Thursday, October 08, 2009

Budget Cuts and the D.C. Schools


A newly hired D.C. teacher describes an unfortunate turn of events in a letter to the Washington Post:
Then, on Friday afternoon, I was laid off. In a last-minute attempt to balance the budget, Rhee and the city opted to cut more than 200 teachers during the most critical period of the academic year - just when students were getting acclimated to their new environments.

My immediate concern was about what would happen to my students, because I was the only third-grade teacher at my school. My principal informed me that my students would be mixed in with the fourth- and second-graders. Yes, these are tough economic times, but does that justify providing a poor educational experience for these children? Simply reassigning them in this way will greatly degrade the educational experience for my third-graders, not to mention those in the classes into which they must be integrated.
There are two obvious problems to this approach to a funding shortage:
  • If your goal is to attract motivated, highly qualified graduates to teach in the D.C. schools, laying them off a month into the school year and putting them out of work (or turning them into desperate substitute teachers) for the balance of the year is counter-productive, not just in terms of the new recruits but in terms of whether future graduates fear the same will happen to them.

  • If Rhee can't afford the teachers she has, why should they or their union believe that if they give up tenure and job protections they'll be rewarded with lavish raises?

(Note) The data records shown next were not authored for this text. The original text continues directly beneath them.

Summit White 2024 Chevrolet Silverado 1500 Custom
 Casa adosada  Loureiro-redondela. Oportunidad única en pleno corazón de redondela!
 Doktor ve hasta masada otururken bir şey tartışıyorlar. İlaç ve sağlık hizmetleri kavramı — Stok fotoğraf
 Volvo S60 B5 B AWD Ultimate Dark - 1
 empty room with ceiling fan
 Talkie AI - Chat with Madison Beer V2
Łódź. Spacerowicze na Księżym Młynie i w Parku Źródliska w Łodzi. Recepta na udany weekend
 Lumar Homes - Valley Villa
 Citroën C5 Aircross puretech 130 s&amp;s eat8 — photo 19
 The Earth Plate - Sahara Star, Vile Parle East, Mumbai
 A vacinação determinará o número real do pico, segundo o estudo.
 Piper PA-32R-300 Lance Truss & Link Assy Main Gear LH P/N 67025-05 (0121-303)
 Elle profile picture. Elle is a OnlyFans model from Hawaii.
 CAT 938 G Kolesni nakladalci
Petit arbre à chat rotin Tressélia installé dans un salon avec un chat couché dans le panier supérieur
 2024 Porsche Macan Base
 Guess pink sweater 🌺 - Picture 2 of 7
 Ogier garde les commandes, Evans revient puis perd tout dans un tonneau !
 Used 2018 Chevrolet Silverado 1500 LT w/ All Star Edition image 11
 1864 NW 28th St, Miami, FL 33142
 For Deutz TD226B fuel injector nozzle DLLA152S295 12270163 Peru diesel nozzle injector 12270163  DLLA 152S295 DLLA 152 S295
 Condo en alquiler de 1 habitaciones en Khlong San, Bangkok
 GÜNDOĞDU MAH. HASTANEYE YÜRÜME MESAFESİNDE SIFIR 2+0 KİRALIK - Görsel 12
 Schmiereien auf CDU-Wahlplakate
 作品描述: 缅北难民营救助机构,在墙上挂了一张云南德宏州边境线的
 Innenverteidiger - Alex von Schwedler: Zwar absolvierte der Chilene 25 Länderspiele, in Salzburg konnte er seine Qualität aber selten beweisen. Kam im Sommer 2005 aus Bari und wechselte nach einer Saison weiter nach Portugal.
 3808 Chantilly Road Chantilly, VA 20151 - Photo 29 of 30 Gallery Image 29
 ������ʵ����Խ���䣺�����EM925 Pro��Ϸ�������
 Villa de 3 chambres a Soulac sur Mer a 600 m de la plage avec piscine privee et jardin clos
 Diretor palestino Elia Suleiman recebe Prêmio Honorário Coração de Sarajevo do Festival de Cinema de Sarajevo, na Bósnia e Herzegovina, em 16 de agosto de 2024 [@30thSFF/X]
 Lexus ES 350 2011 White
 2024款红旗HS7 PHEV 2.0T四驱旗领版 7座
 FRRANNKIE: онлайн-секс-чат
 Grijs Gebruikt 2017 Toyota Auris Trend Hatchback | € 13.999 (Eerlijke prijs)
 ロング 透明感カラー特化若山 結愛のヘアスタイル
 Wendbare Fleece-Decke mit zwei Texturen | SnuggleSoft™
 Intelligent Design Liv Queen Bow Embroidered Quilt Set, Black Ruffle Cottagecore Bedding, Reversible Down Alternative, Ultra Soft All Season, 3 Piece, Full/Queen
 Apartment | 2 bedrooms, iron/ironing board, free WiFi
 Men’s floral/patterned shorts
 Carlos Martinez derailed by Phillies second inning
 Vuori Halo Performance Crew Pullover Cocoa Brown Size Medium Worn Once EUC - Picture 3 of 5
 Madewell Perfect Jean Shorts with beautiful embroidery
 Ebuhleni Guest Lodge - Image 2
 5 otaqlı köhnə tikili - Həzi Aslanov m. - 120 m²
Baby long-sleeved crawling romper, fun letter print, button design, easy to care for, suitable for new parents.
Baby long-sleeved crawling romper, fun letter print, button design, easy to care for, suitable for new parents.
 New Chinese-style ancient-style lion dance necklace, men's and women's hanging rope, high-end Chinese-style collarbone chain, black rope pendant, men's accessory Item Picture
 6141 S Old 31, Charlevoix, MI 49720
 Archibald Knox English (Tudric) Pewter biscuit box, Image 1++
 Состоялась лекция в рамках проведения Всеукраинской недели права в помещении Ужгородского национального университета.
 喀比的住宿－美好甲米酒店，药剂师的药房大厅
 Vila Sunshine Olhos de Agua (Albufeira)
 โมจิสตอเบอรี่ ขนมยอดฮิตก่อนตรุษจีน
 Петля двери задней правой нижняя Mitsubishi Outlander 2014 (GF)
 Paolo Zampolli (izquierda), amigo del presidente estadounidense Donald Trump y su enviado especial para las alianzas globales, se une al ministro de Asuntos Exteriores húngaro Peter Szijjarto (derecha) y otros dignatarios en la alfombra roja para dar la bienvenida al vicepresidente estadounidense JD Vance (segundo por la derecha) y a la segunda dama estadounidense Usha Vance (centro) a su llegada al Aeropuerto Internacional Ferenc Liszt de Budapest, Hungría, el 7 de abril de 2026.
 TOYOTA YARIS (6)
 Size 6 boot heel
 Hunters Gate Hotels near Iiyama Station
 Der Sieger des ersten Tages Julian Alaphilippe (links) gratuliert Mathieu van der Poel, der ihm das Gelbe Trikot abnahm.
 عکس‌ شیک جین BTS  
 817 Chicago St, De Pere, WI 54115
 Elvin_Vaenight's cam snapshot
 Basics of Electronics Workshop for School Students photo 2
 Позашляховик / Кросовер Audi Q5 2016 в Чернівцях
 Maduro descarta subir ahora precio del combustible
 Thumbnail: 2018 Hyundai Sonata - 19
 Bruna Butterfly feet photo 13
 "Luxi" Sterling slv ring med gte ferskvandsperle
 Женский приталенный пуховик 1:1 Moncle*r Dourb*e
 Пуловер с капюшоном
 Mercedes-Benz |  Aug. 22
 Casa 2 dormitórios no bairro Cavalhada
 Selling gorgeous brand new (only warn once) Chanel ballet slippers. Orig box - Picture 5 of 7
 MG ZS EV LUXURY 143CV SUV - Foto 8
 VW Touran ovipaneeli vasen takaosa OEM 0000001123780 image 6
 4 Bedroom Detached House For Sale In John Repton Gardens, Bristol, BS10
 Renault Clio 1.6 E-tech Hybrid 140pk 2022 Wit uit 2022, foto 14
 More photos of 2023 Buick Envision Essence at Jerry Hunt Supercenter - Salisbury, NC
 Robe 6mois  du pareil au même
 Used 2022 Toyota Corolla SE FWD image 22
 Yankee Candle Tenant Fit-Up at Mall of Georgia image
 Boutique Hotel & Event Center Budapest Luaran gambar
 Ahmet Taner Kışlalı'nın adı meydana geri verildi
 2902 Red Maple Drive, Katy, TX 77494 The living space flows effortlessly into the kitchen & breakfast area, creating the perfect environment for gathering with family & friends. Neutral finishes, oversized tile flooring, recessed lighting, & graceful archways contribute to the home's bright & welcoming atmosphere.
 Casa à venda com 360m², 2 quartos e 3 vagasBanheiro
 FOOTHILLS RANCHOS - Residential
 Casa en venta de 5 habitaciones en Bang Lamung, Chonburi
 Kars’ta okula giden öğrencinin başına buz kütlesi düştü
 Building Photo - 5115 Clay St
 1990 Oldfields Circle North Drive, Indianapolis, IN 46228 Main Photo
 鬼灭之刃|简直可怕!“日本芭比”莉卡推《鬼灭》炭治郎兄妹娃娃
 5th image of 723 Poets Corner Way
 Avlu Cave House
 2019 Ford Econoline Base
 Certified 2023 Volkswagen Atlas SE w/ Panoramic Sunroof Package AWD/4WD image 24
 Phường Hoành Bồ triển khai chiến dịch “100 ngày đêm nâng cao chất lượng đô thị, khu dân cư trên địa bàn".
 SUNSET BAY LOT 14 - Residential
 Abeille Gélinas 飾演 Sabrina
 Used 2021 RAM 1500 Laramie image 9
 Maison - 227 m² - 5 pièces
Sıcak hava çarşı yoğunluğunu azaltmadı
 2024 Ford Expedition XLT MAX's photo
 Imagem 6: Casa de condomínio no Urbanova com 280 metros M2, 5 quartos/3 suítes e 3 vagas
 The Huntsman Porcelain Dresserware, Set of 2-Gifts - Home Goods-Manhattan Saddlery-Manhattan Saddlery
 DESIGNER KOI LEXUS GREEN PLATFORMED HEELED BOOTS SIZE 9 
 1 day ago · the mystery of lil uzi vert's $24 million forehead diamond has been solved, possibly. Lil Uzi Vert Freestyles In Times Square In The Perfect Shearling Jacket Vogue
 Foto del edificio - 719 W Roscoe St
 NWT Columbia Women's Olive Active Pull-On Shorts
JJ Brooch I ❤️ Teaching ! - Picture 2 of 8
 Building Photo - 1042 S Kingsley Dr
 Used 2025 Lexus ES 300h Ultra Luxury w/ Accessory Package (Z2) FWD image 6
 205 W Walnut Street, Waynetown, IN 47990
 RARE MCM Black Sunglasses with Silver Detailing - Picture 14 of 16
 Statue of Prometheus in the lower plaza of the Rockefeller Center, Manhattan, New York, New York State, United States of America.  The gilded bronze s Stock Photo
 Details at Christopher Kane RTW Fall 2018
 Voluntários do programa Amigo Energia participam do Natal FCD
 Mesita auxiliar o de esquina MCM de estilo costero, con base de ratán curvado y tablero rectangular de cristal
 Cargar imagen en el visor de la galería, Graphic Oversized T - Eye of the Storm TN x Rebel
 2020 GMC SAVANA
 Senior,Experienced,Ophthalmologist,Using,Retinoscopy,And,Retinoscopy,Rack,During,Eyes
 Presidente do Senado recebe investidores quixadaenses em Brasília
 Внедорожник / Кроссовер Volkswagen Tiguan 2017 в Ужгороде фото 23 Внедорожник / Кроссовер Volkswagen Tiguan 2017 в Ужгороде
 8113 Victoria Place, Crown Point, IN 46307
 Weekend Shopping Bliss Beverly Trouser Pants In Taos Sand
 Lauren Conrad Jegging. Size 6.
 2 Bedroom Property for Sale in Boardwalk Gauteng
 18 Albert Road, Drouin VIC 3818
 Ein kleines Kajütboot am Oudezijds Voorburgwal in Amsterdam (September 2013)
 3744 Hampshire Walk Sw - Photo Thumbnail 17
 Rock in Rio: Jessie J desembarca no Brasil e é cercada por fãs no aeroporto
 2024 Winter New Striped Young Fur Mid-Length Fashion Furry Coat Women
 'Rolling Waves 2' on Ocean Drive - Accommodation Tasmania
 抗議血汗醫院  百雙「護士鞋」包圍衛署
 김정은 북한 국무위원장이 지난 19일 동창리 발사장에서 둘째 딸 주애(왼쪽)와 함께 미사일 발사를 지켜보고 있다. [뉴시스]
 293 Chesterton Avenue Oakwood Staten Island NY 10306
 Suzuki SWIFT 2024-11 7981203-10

If current staff levels aren't sustainable, how can her proposed compensation scheme possibly be sustainable?

I don't hold Michelle Rhee responsible for staffing cuts made necessary by budgetary constraints, but I do think she now owes us an explanation of how her proposed replacement compensation scheme is even slightly viable. If she has donors lined up willing to subsidize such a scheme, why aren't they helping her right now? If they've decided that they have other priorities for their money, or are only interested in funding a scheme that busts the union, it again speaks to the unsustainability of her plan.

Also, I think this highlights what I mentioned the other day, - lip service, including the strong lip service of Fred Hiatt's editorial page, pays for zero teachers. Where's the Post's call for a school funding increase that will allow schools to sustain their present staffiing levels, let alone to improve them and where does it propose that money will come from?